Page MenuHomePhabricator

Only check per-item constraints once, instead of with each statement
Open, MediumPublic

Description

Some constraints, like “has type” (type) or “has statement” (item), are really constraints on the item, not on the statement; if multiple statements all introduce the same constraint on the item (for example, parent, sibling, date of birth, etc. might all require type: human), we can optimize the constraint check by only checking that constraint once.

Event Timeline

Restricted Application added a subscriber: Aklapper. · View Herald TranscriptApr 24 2017, 12:25 PM
thiemowmde triaged this task as Medium priority.Jul 4 2017, 8:59 AM
thiemowmde added subscribers: Jonas, thiemowmde.

My current idea is to do this after T171743: Introduce constraint check context abstraction with a new kind of context, which contains only an entity ID and no snak. We’ll have some kind of “scheduler”(?) that takes a plan of contexts and constraints to run, and downgrades the context for some constraint types to an entity-only context and then deduplicates the plan.

Also, I think the full list of constraint type that this applies to is just:

  • conflicts with
  • item requires statement
  • type

We probably also want to normalize constraint parameters before deduplication, by deterministically sorting the snaks (by property and value). I think this can be done without parsing the constraint parameters, just acting on the JSON as opaque blobs.

It should also be possible to deduplicate constraint checks on references. The same reference can be used in multiple statements, even across entities. (“imported from: English Wikipedia”, wdref:fa278ebfc458360e5aed63d5058cca83c46134f1 in RDF, is used in twelve million statements.)
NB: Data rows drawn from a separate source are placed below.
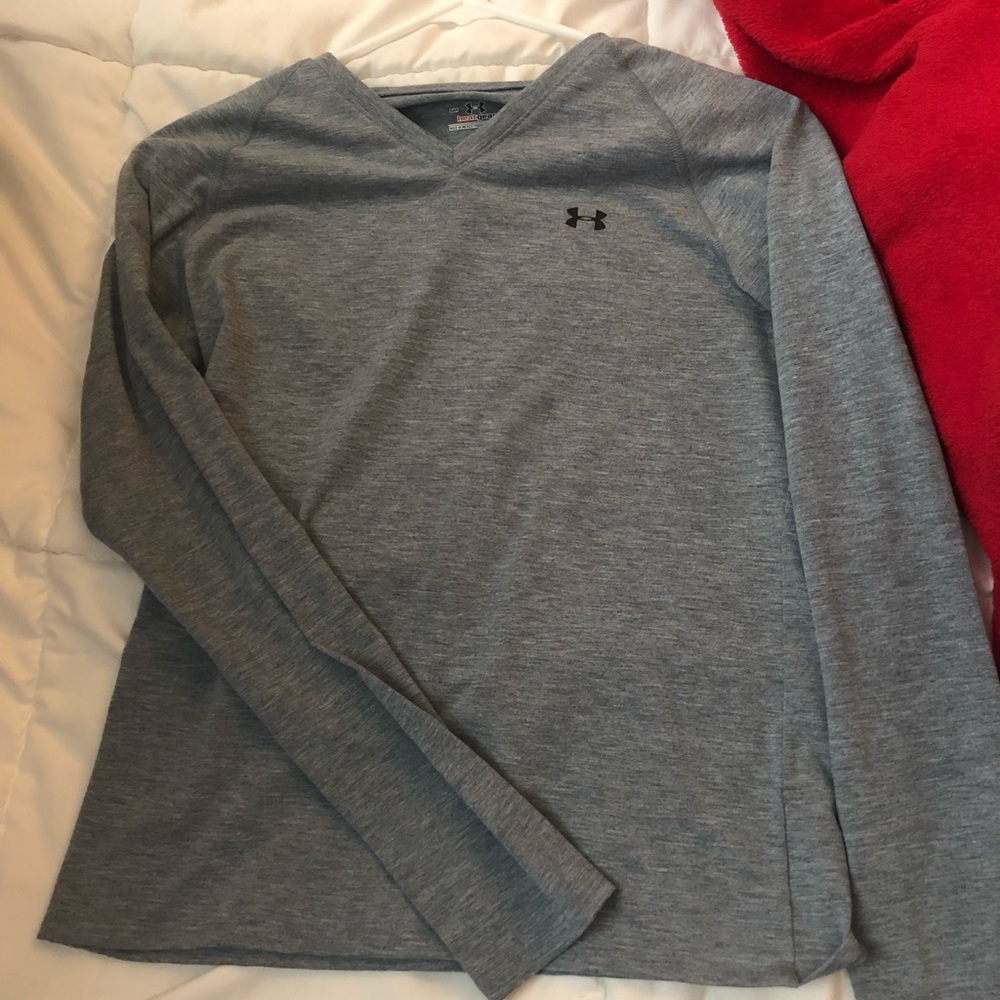 Grey under armor long sleeve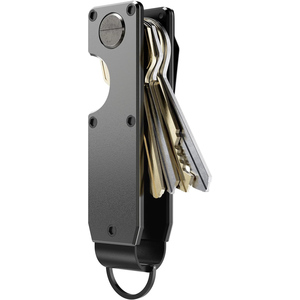 Portachiavi in Lega di Alluminio Nero Leggero e Portatile con Clip Metallica per Conservare le Chiavi - Product Image 5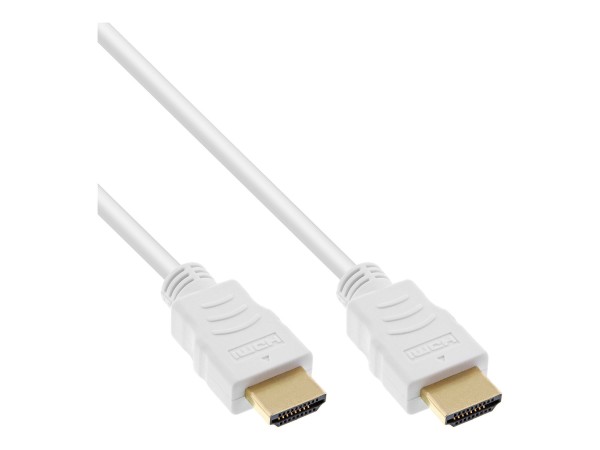 InLine Cavo HDMI 2.0 - High Speed - Ethernet - 4K2K - 4K3D - Premium - 3m - bianco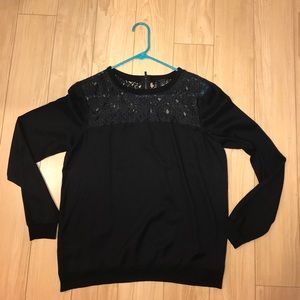 Lace top from Ann Taylor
Change 374592 had a related patch set uploaded (by Lucas Werkmeister (WMDE); owner: Lucas Werkmeister (WMDE)):
[mediawiki/extensions/WikibaseQualityConstraints@master] Introduce ConstraintCheckPlan class

https://gerrit.wikimedia.org/r/374592

Change 392054 had a related patch set uploaded (by Lucas Werkmeister (WMDE); owner: Lucas Werkmeister (WMDE)):
[mediawiki/extensions/WikibaseQualityConstraints@master] Add tests for ConstraintCheckPlan

https://gerrit.wikimedia.org/r/392054

I tried to find out how many constraint checks we could save with this, specifically for the type constraint, which is the most expensive one out of the three where we can apply this optimization. This query, if I’m not mistaken, tells us that on Q42 (Douglas Adams),

  • “instance of human” is checked 19 times,
  • “instance of human or fictional character” and “instance of human, group of humans, fictional character, or character that may or may not be fictional” are each checked 7 times,
  • “instance of human, fictional character, or animal” is checked 4 times,
  • two other constraints are checked 3 times each,
  • and seven more constraints are checked 2 times each.
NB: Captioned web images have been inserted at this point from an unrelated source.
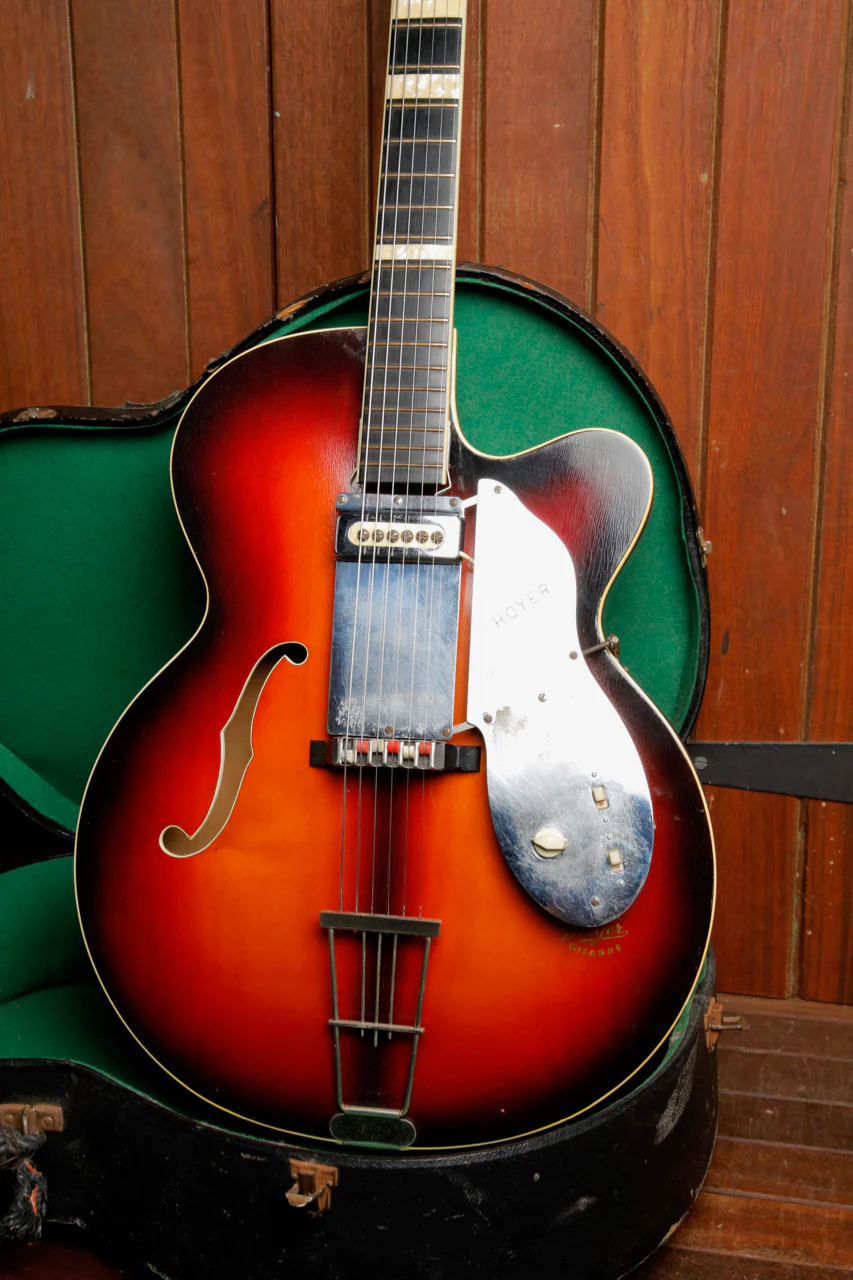 Arnold Hoyer Expo Archtop Sunburst Electric Guitar Circa 1950s Pre-Owned - Image 23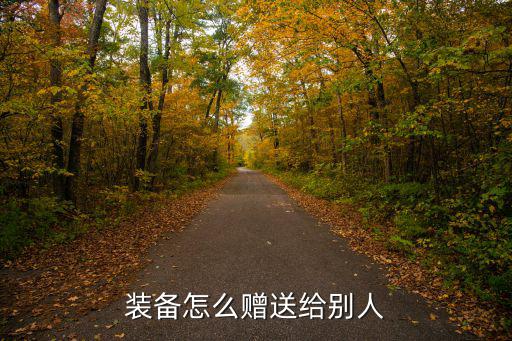 装备怎么赠送给别人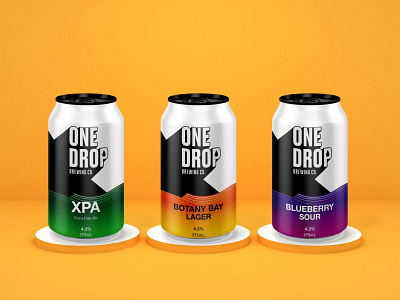 One Drop Brewing Co master brand beer branding brand design packaging design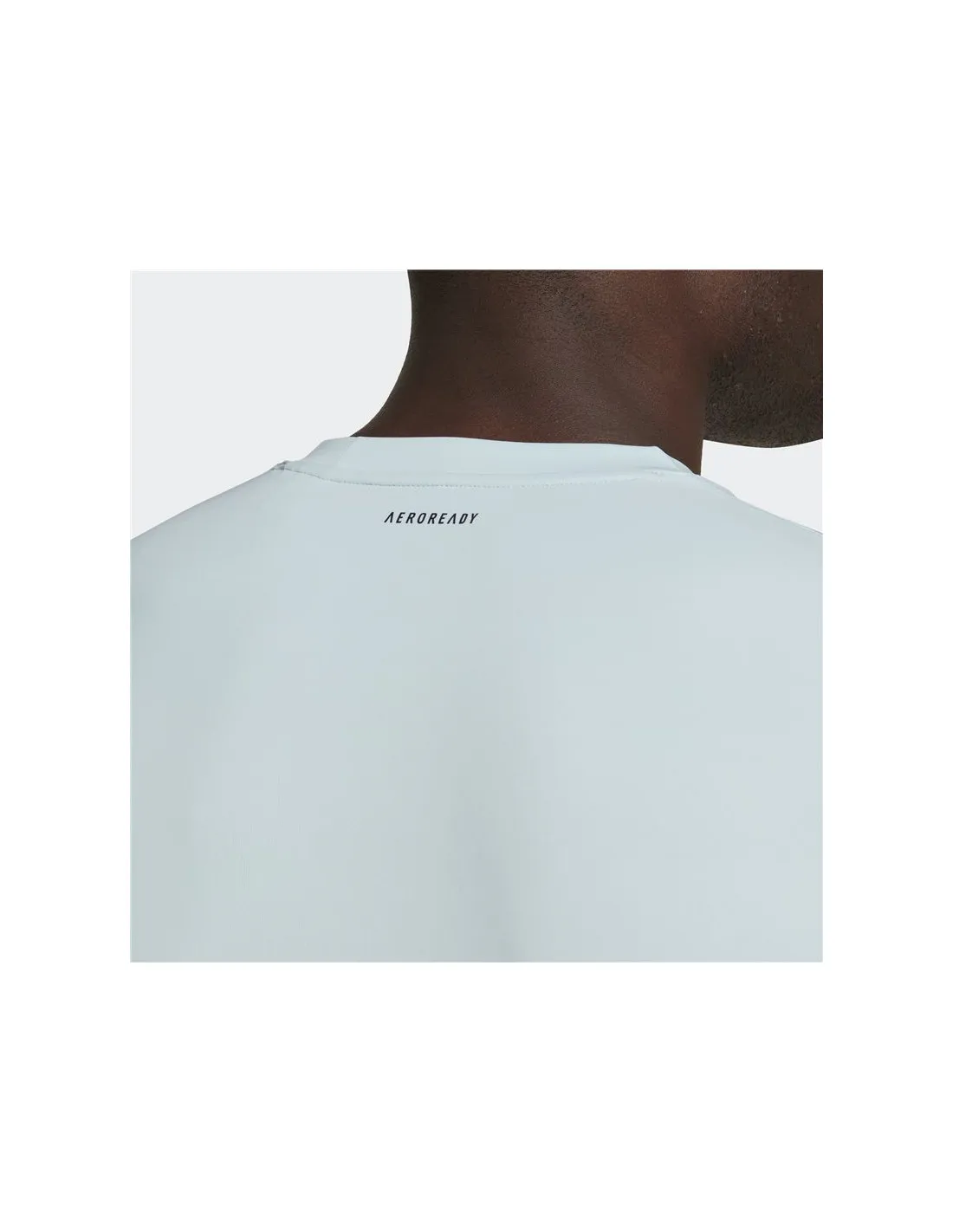Camiseta adidas Club Tennis 3 bandas azul Hombre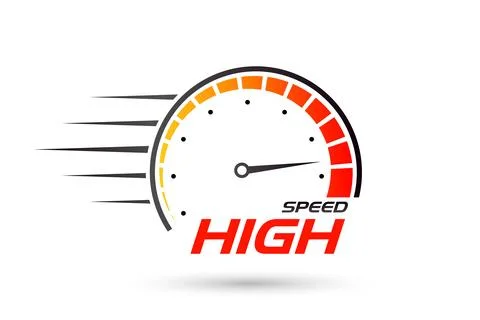 Vector high speed icon design Stock Illustration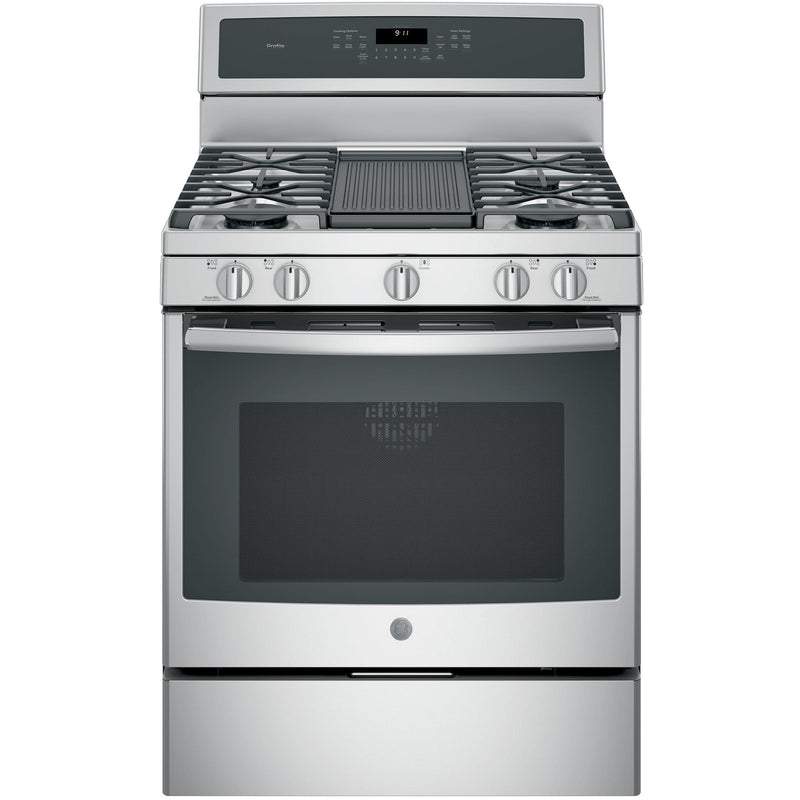 GE Profile 30-inch Freestanding Gas Range with Convection Technology PGB911ZEJSS IMAGE 18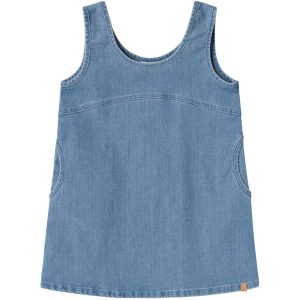 Lil'Atelier Medium Blue Denim Okaja Denim Spencer Kjole - Str. 104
This means that a total of 44 out of 89 type checks are redundant (query). Let’s run those numbers for a few other items:

  • Q183 (Germany): 394 out of 429 type checks redundant.
  • Q23 (George Washington): 69 out of 111 type checks redundant.
  • Q9368300 (current popular item): 2 out of 13 type checks redundant.
  • Q21558717 (current item with most statements – source): 5103 out of 5107 type checks redundant.
  • Q62444 (random item): 13 out of 31 type checks redundant.
  • Q681946 (another random item): 2 out of 5 type checks redundant.

Note: the second query, which returns the number of redundant and total type checks, is pretty crazy, and there might be some error in it. I’ve tried to comment it extensively, so I hope that someone else can look over it and check if it’s correct :)
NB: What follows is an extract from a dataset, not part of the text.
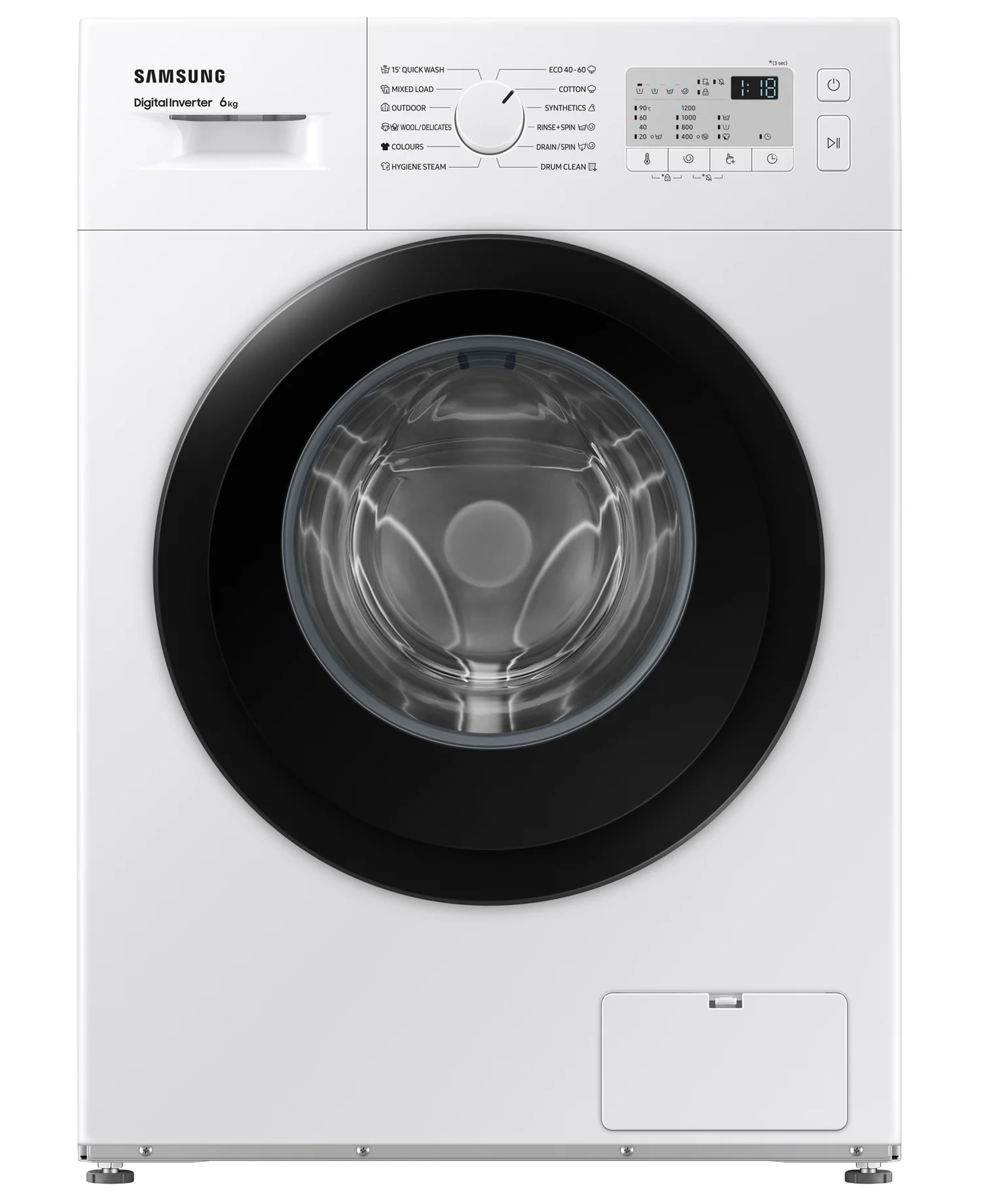Пральна машина Slim SAMSUNG WW60A3120BH/LE (2025) - Фото 1 Пральна машина Slim SAMSUNG WW60A3120BH/LE (2025) - Фото 1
Overall, it seems like with this optimization, we might be able to save, very roughly speaking, about half of all type constraint checks we perform. (Note, however, that this doesn’t help the “value type” constraint, which is equally expensive and more common.)

Addshore added a project: wikidata-tech-focus.
Addshore added a subscriber: Addshore.

Overall, it seems like with this optimization, we might be able to save, very roughly speaking, about half of all type constraint checks we perform. (Note, however, that this doesn’t help the “value type” constraint, which is equally expensive and more common.)

It sounds like this could be a very useful optimization when we start running these constraint checks more often.

@Lucas_Werkmeister_WMDE I'm guessing this optimization still needs to happen?

Yes, it hasn’t been done yet. There are some patches on Gerrit for my old ConstraintCheckPlan idea, but I’m not sure if that’s the best approach, and the patches themselves are probably stale beyond saving by now.